» **Requirement**
Once you find the line below that has "Men's Colosseum Green/Camo", output it and every line after it exactly, stopping after the line that has "Genuine leather large", with no pictures.

» **Records**
-.-.-

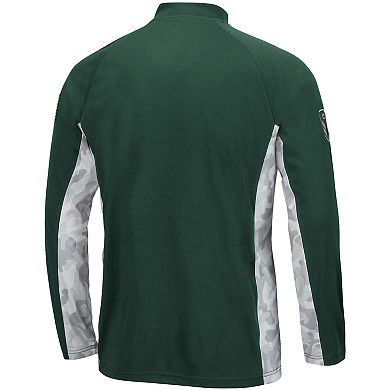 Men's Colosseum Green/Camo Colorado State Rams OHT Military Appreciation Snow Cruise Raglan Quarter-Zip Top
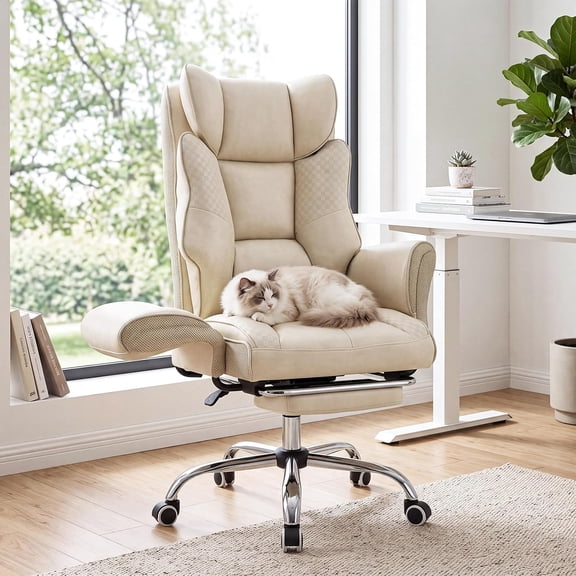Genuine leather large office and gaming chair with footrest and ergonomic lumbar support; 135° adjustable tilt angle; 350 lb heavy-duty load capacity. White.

-.-.-

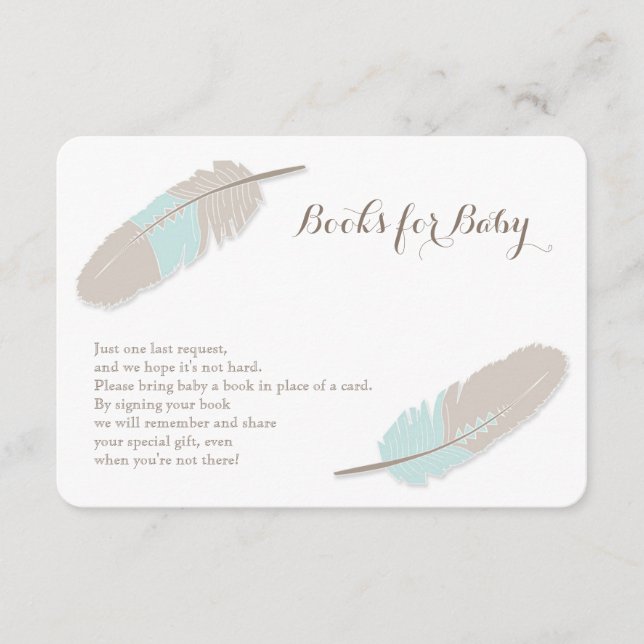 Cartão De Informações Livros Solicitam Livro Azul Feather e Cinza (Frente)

-.-.-

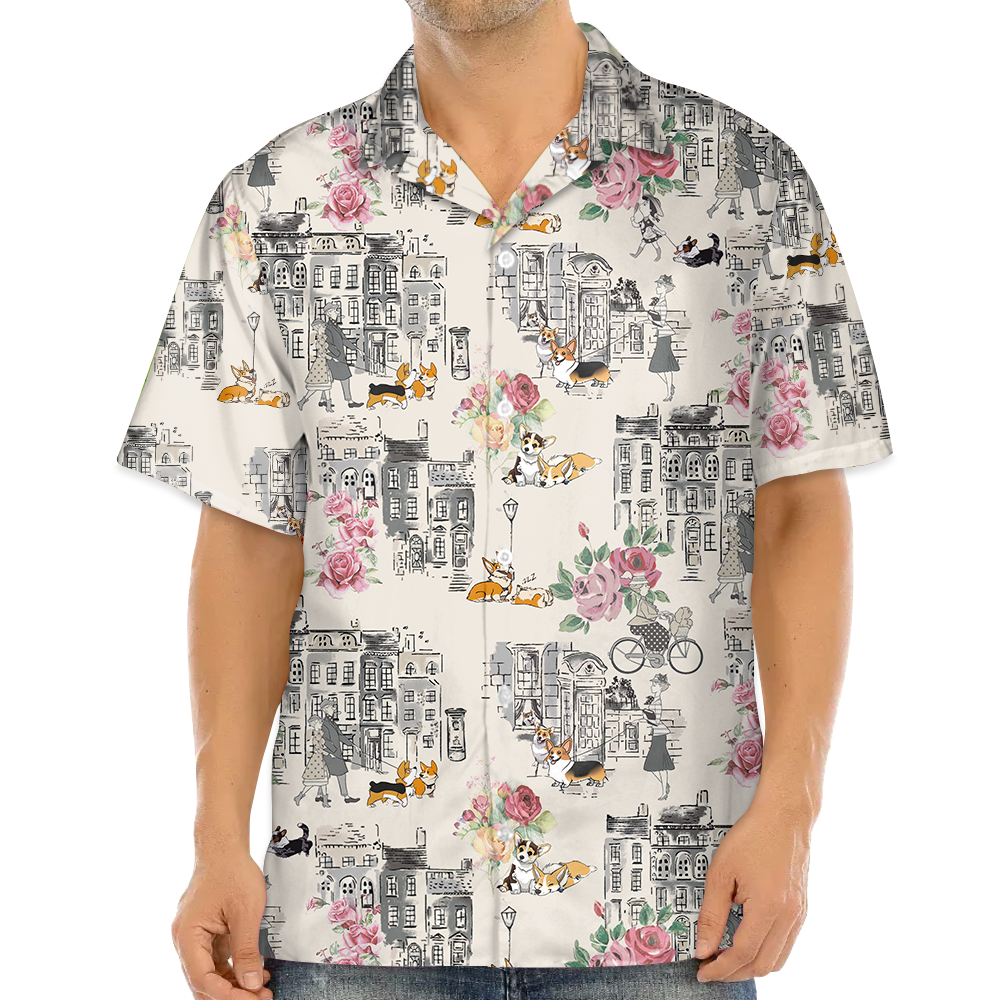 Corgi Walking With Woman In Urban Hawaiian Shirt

-.-.-

» **Written solution**
 Men's Colosseum Green/Camo Colorado State Rams OHT Military Appreciation Snow Cruise Raglan Quarter-Zip Top
Genuine leather large office and gaming chair with footrest and ergonomic lumbar support; 135° adjustable tilt angle; 350 lb heavy-duty load capacity. White.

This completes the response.